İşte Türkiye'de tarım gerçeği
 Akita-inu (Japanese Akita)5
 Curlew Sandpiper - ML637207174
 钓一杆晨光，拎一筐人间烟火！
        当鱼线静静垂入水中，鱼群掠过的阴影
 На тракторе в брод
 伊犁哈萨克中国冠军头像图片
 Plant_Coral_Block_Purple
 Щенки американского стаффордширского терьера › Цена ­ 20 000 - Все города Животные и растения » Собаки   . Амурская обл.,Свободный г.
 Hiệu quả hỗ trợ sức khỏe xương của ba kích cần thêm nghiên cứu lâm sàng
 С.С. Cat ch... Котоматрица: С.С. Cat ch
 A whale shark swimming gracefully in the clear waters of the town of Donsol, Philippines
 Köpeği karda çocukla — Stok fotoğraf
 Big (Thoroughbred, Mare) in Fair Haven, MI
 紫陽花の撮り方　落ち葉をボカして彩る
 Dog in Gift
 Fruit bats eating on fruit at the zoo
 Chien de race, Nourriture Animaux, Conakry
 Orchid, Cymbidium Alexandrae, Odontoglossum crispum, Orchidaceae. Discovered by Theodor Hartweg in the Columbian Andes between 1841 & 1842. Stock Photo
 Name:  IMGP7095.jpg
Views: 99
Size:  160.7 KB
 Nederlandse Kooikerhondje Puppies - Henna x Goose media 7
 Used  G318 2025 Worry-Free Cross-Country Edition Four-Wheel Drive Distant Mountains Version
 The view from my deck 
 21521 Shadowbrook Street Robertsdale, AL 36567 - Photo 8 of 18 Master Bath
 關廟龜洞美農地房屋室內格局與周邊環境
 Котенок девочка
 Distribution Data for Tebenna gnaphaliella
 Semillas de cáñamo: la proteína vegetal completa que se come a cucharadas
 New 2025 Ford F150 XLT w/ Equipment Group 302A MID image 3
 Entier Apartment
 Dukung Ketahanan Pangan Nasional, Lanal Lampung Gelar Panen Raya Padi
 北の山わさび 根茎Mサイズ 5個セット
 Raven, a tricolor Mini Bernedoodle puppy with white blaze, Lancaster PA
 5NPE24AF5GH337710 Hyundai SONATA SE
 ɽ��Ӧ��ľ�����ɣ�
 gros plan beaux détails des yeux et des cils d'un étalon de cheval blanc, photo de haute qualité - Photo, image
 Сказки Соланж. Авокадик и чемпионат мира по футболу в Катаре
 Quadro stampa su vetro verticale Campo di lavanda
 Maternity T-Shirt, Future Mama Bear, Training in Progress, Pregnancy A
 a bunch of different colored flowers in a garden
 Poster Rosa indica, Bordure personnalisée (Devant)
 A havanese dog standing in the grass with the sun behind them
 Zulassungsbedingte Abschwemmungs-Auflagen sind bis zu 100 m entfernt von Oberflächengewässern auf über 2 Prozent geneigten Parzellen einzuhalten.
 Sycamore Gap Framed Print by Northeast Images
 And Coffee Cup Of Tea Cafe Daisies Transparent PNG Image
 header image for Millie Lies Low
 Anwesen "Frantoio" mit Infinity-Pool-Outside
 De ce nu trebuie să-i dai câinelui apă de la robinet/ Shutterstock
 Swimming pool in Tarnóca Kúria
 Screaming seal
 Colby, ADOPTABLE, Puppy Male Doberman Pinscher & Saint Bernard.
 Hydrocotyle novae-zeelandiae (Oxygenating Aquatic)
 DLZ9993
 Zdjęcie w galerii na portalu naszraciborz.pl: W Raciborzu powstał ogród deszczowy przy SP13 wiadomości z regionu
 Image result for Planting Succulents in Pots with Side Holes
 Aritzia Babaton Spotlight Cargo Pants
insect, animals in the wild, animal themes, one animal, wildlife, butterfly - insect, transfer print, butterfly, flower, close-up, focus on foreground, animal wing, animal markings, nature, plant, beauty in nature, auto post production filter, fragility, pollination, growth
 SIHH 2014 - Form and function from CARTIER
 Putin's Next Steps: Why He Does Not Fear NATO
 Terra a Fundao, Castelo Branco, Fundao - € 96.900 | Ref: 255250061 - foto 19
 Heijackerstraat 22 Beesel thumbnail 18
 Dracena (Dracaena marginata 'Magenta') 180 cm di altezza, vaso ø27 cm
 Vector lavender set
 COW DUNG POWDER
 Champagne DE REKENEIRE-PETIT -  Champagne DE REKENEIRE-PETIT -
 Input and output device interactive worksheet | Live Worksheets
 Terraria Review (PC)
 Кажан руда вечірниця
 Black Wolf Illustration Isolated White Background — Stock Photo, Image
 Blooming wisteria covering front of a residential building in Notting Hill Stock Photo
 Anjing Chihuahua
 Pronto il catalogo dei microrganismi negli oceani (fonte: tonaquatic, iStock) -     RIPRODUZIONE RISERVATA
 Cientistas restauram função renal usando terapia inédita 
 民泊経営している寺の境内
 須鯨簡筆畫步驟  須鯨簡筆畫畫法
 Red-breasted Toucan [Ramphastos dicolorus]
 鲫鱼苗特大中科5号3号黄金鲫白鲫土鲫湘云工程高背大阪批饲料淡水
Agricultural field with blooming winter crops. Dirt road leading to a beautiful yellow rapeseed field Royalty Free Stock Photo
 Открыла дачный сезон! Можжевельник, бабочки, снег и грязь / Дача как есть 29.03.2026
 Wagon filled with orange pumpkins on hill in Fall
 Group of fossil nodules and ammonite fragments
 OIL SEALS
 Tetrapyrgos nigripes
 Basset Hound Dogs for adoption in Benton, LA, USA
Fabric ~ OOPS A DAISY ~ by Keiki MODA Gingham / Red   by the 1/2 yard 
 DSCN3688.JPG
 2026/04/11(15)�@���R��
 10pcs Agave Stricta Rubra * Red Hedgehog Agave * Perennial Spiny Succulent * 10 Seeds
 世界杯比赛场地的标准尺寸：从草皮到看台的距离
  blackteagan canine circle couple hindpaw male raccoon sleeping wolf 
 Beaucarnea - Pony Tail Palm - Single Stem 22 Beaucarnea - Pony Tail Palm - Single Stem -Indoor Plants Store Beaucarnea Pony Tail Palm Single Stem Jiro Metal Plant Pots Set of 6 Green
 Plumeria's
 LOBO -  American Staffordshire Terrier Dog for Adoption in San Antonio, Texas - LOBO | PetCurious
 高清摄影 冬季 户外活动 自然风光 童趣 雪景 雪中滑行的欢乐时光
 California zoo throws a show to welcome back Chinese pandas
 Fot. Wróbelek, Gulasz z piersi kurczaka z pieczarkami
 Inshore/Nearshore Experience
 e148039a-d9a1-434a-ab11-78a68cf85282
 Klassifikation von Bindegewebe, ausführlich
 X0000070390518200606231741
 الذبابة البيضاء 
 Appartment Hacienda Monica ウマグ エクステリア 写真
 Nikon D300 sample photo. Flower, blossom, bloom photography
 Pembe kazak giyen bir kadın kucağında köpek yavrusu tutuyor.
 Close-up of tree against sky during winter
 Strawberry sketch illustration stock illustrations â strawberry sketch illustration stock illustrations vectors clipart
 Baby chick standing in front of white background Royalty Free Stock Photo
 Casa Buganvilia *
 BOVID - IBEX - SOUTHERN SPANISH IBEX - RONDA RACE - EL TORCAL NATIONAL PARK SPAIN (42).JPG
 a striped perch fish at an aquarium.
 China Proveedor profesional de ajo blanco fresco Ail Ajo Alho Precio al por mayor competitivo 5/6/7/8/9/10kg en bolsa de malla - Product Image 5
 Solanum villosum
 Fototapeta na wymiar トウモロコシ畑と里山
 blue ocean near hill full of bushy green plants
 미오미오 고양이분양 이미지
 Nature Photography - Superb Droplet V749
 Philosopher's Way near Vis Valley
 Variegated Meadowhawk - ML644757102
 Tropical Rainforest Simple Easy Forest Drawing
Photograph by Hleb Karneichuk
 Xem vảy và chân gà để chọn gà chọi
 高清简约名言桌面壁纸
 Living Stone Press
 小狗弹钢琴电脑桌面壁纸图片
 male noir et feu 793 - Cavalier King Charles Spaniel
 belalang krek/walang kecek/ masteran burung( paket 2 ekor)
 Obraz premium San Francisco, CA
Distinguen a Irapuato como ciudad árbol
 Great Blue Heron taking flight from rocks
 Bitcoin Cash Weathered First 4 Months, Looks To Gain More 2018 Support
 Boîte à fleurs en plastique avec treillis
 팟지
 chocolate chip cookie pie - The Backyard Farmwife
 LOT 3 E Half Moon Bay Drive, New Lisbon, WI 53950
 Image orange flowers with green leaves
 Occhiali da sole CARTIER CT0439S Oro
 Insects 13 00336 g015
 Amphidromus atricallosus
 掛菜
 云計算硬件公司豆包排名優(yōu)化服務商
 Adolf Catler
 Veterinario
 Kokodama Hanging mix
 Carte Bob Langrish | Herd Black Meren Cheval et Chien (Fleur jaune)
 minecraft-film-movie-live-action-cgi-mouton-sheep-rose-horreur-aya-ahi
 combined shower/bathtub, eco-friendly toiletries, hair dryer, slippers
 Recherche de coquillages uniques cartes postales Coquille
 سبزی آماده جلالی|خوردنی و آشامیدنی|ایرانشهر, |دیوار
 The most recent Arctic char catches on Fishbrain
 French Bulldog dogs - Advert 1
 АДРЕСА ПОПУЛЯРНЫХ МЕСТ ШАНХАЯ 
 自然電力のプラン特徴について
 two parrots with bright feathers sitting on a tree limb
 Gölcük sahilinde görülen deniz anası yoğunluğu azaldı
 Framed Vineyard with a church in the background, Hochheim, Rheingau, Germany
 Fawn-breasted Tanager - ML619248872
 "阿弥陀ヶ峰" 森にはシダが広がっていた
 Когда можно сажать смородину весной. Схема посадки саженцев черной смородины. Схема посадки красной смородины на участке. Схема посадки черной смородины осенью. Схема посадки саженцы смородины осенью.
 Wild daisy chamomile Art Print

### [WHAT YOU NEED TO DO]
Output exactly the lines of the material above from the one containing "LOT 3 E Half" up to and including the one containing "Kokodama Hanging mix".

### [ANSWER TO THIS PROBLEM]
 LOT 3 E Half Moon Bay Drive, New Lisbon, WI 53950
 Image orange flowers with green leaves
 Occhiali da sole CARTIER CT0439S Oro
 Insects 13 00336 g015
 Amphidromus atricallosus
 掛菜
 云計算硬件公司豆包排名優(yōu)化服務商
 Adolf Catler
 Veterinario
 Kokodama Hanging mix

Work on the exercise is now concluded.